The men flew into Baldonnel aerodrome on Saturday and were brought directly to the west of the country to begin the integration programme. One of the men has a wife and daughter, and officials expect them to join him in Ireland in due course.

As well as taking courses, the men will be assisted in opening bank accounts and dealing with State bureaucracy.

Three officials from the Department of Justice have been assigned to co-ordinate their resettlement, and while interpreters have also been made available to the men, officials say they have been communicating with staff through English.

A source in the Department of Justice said the men were in good health and slowly adapting to their new circumstances. “It’s a major change of circumstances for these people.
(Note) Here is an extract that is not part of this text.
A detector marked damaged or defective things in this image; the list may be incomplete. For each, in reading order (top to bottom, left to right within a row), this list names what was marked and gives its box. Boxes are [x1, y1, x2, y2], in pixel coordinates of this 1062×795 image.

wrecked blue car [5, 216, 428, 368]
They have been incarcerated in Guantánamo Bay for seven years, and they’re suddenly in an entirely new environment, in an alien country with different weather,” the source said.
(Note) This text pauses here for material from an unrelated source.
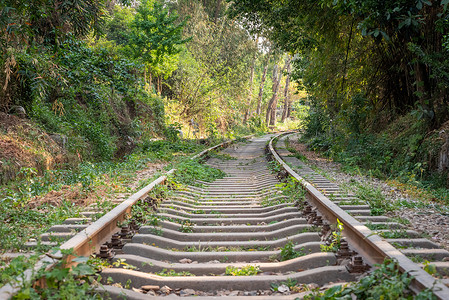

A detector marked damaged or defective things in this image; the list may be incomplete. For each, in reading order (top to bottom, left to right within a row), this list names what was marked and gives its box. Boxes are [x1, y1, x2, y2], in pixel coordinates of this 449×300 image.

“They didn’t have many clothes when they arrived, so arrangements were made to bring them to buy new shoes. One of the men went, but the other got nervous and decided against . . . We’re taking small steps at a time.
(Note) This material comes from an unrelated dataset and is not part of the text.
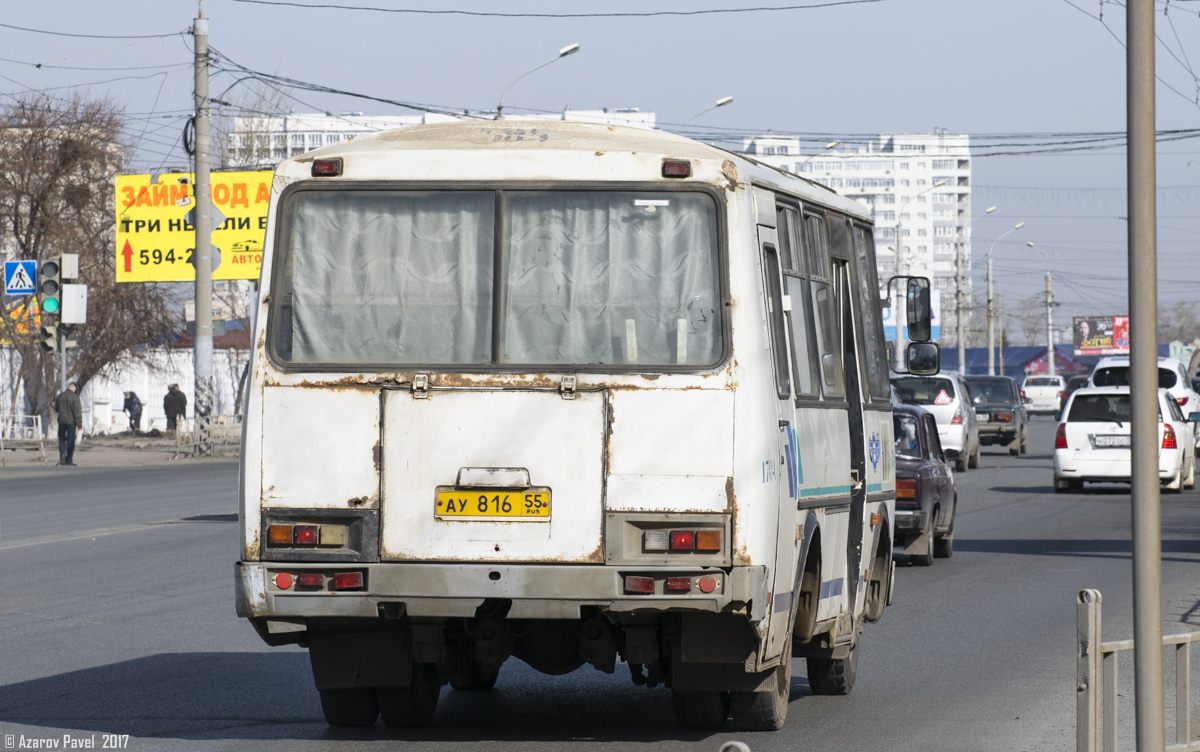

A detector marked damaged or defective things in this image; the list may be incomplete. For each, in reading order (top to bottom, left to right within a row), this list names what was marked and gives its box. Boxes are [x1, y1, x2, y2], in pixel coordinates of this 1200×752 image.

rusty bus body [234, 120, 896, 732]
“They’re in a centre now, but even to leave the centre and go down to the local shop is a major adjustment because they haven’t been outside for a long time.”

Plans for the men’s long-term resettlement have not yet been finalised, but it is expected that they will be helped to find social housing elsewhere in the country before Christmas.

“They don’t pose any security threat, and they’re as well adjusted as you can be after spending the period of time they did in Guantánamo Bay,” the source said.